From Ancient Greek ῥῆγμα (rhêgma, something broken or rent asunder; a breach, cleft, fracture),[1] + γλυπτόν (gluptón, carving, sculpture).

Pronunciation

Noun

regmaglypt (plural regmaglypts)

  1. (astronomy, geology) A small, shallow indentation or pit on the surface of a meteorite, resembling a thumbprint impression in clay, created by ablation while falling in an atmosphere.
    • 1960, E. L. Krinov [i.e., Yevgeny Leonidovich Krinov], “Morphology of Meteorites”, in Irene Vidziunas, transl., edited by Harrison Brown, Principles of Meteoritics; Translated from the Russian (International Series of Monographs on Earth Sciences; 7), Oxford, London: Pergamon Press, →OCLC, page 257:
      But, as the author has established, when an individual sample of a meteorite shower has a semi-orientated shape (roughly conoid, as in the given case), it must have definite morphological properties: on its front surface it must have a fully developed typical regmaglypt – relief which has had time to form during the sample's movement at cosmic speed after its separation from the main meteoric body.
    • 1965 June, G. J. H. McCall, “Advances in Meteoritics in Western Australia”, in Meteoritics: The Journal of the Meteoritical Society, volume 2, number 4, Fayeteville, Ark.: Meteoritical Society, →ISSN, →OCLC, page 318:
      This, the Warburton Range meteorite, weighs 125 lbs and is a single mass [] displaying regmaglypt patterns on its surface.
    • 1994, O Richard Norton, Rocks from Space: Meteorites and Meteorite Hunters, Missoula, Mont.: Mountain Press Publishing Company, →ISBN, page 141:
      The largest Henbury meteorites show beautiful regmaglypt structures.
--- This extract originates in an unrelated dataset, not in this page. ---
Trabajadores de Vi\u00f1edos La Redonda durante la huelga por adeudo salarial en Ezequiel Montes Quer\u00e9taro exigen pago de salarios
Some are oriented, displaying a shieldlike form produced when a meteoroid passes through the atmosphere without tumbling and ablates, primarily on the leading side.
    • 2008, O Richard Norton, Lawrence A. Chitwood, “Meteoroids to Meteorites: Lessons in Survival”, in Field Guide to Meteors and Meteorites (Patrick Moore’s Practical Astronomy Series), London: Springer-Verlag, →DOI, →ISBN, pages 58–59:
      Another product of ablation that occurs during a meteoroid's brief atmospheric passage is the development of surface pits or regmaglypts on stones and irons alike. The common name for these is "thumb prints," since they are about the size of the human thumb. Regmaglypts in stones tend to be shallower than in irons, and are therefore not as well defined.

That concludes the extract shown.